___ PROVIDED INFORMATION

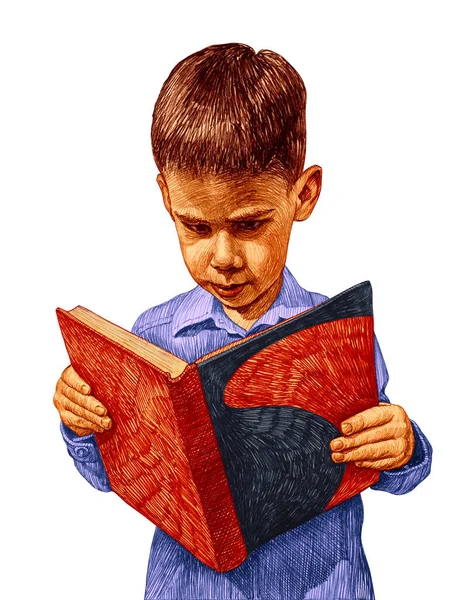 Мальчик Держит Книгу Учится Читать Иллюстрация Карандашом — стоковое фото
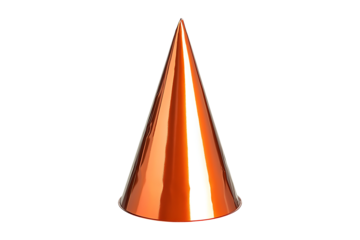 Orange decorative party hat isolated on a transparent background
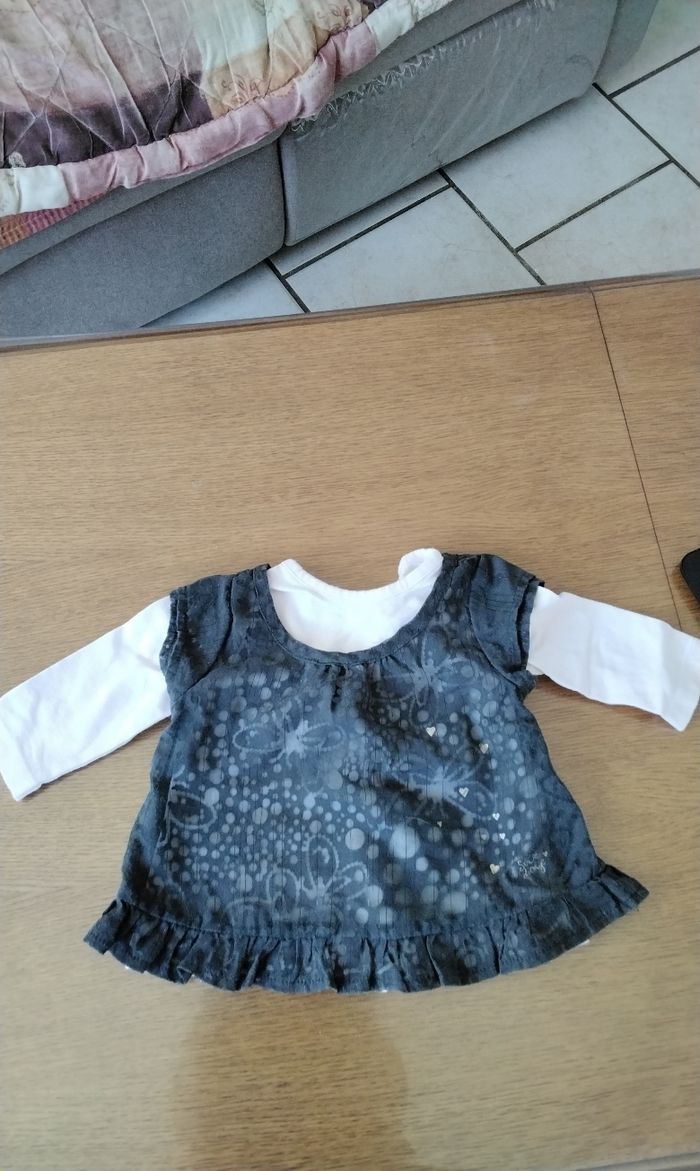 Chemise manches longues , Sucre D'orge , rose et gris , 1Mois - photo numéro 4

______
___ PROVIDED INFORMATION

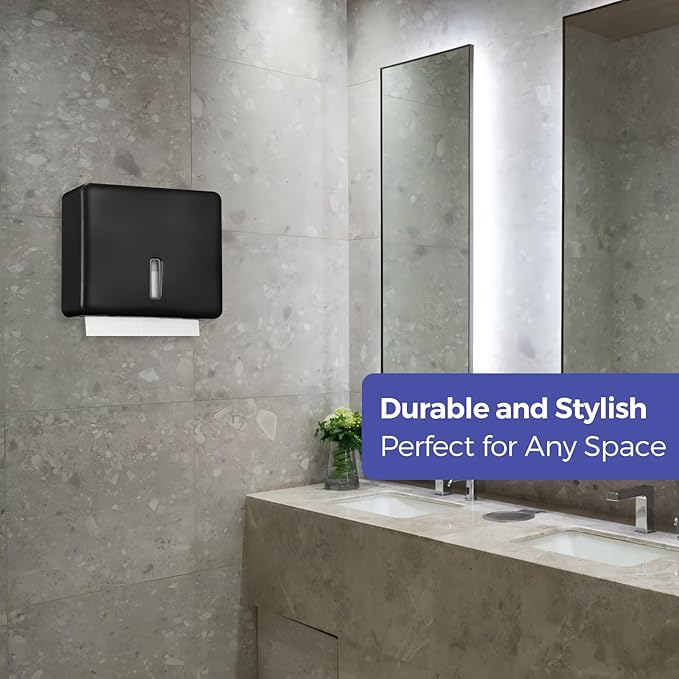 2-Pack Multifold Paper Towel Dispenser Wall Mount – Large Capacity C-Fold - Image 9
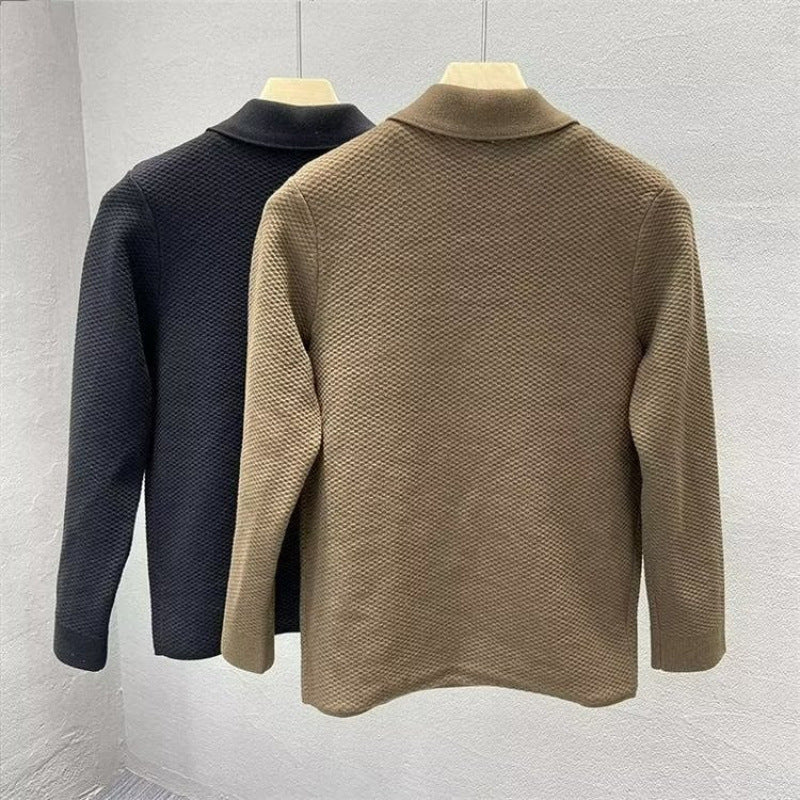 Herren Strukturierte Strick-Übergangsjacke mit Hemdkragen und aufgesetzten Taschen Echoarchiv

______

EXERCISE:
Copy exactly, without pictures, the lines above from the one with "2-Pack Multifold Paper" down to the one with "Herren Strukturierte Strick-Übergangsjacke", inclusive.

COMPLETED EXERCISE:
 2-Pack Multifold Paper Towel Dispenser Wall Mount – Large Capacity C-Fold - Image 9
 Herren Strukturierte Strick-Übergangsjacke mit Hemdkragen und aufgesetzten Taschen Echoarchiv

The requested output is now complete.